Terrible with the clamorous shouts of seventy million throats,

and the sharpness of swords raised in twice seventy million hands,

who sayeth to thee, Mother, that thou are weak?

Holder of multitudinous strength,

I bow to her who saves,

to her who drives from her the armies of her foes,

The Mother!

 

Thou art knowledge, thou art conduct,

thou art heart, thou art soul,

for thou art the life in our body.

In the arm, thou art might, O Mother,

in the heart, O Mother, thou art love and faith,

it is thy image we raise in every temple.

 

For thou art Durga holding her ten weapons of war,

Kamala at play in the lotuses

And speech, the goddess, giver of all lore,

to thee I bow!

I bow to thee, goddess of wealth

pure and peerless,

richly-watered, richly-fruited,

The Mother!

 

I bow to thee, Mother,

dark-hued, candid,

sweetly smiling, jeweled and adorned,

the holder of wealth, the lady of plenty,

The Mother!

 

Vande Mataram has been translated into many Indian languages, such as Hindi, Urdu, Tamil, Telugu, Malayalam, Kannada, Marathi, Gujarati, Punjabi, Assamese etc.

Jadunath Bhattacharya set a tune for this poem.

“Vande Mataram” was one of the most popular songs of British Rule protest during the Indian independence movement.

 Lala Lajpat Rai started a journal called Vande Mataram from Lahore.

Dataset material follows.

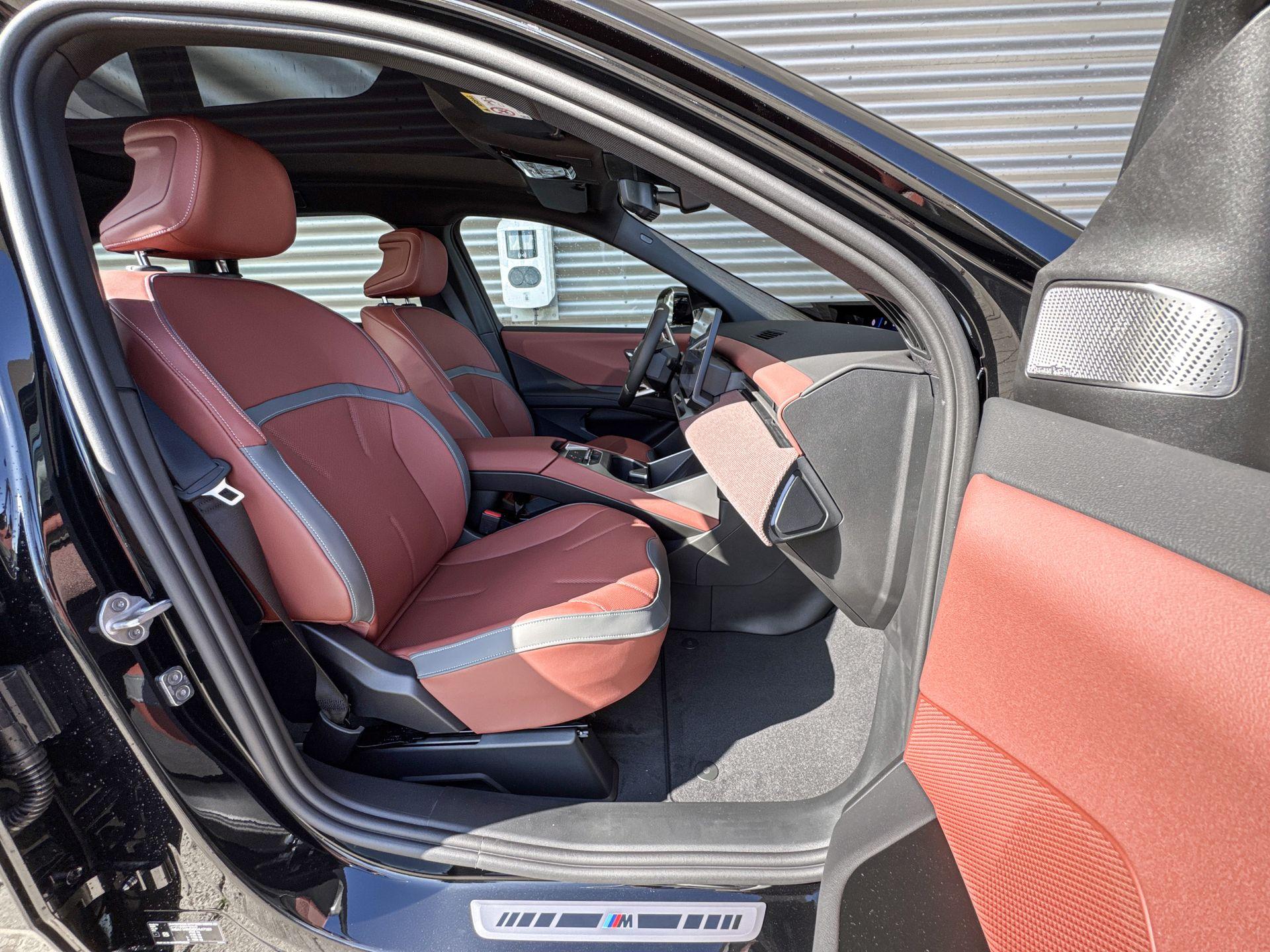 Foto van BMW Ix3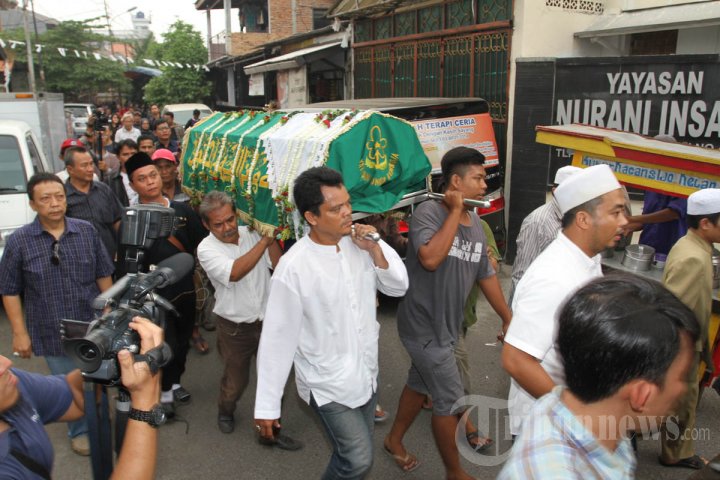 Pak Raden Dimakamkan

In 1907, Bhikaiji Cama created the first version of India’s national flag (the Tiranga) in Stuttgart, Germany, in 1907. It had Vande Mataram written on it in the middle band.

 

 

Vande Mataram song

 

 

Parts of the Vande Mataram was chosen as the national song in 1937 by the Indian National Congress as it pursued independence of India from the British colonial rule, after a committee consisting of Maulana Azad, Jawaharlal Nehru, Subhash Bose, Acharya Deva and Rabrindanath Tagore recommended the adoption.

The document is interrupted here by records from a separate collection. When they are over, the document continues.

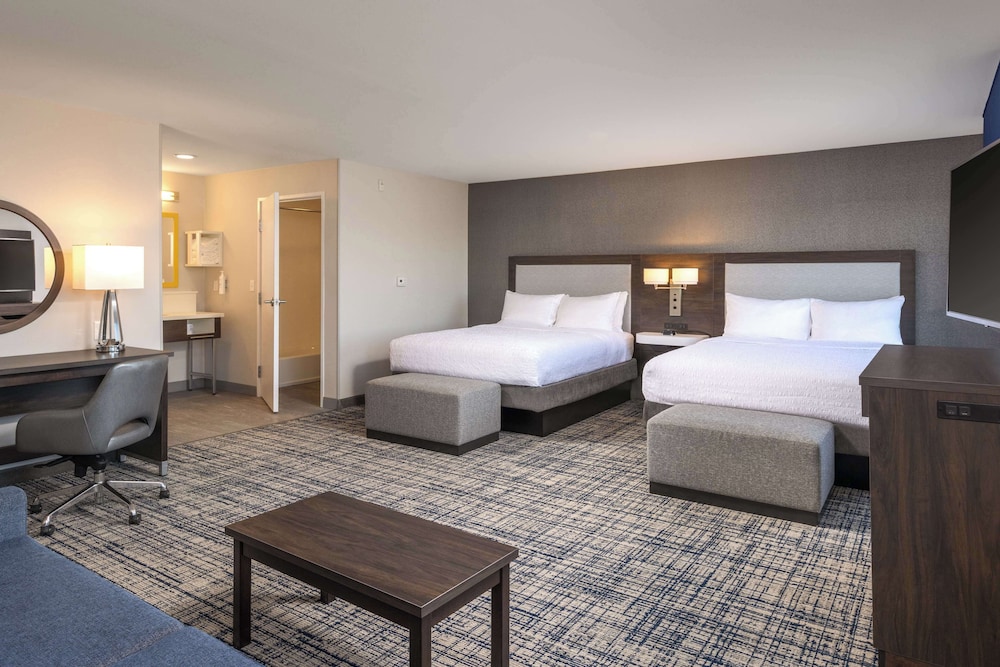 Hampton Inn & Suites Manteca - photo 7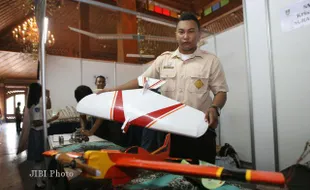 PESAWAT MODEL 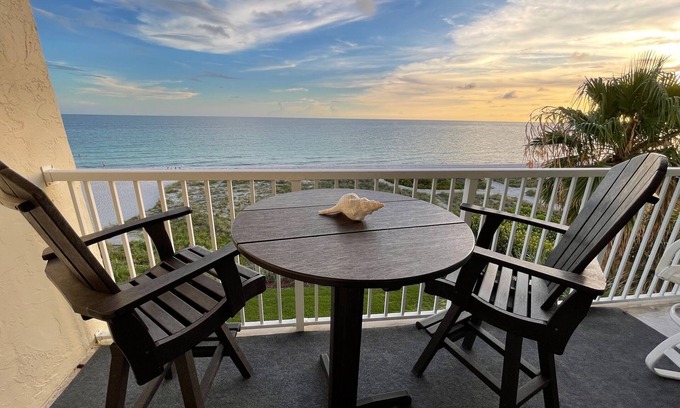 Longboat Key Condominio | Gulf front 2-bedroom condo with private beach central Longboat Key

According to the leaders, though the first two stanzas which praises the beauty of the motherland, in later stanzas there are references to the Hindu goddesses Durga and Lakshmi. The Muslim League and Muhammad Ali Jinnah opposed the song. With then recommendation of Mahatma Gandhi and Jawahar Lal Nehru, the Indian National Congress decided to adopt only the first two stanzas as the national song to be sung at public gatherings, and other verses that included references to Durga and Lakshmi were removed.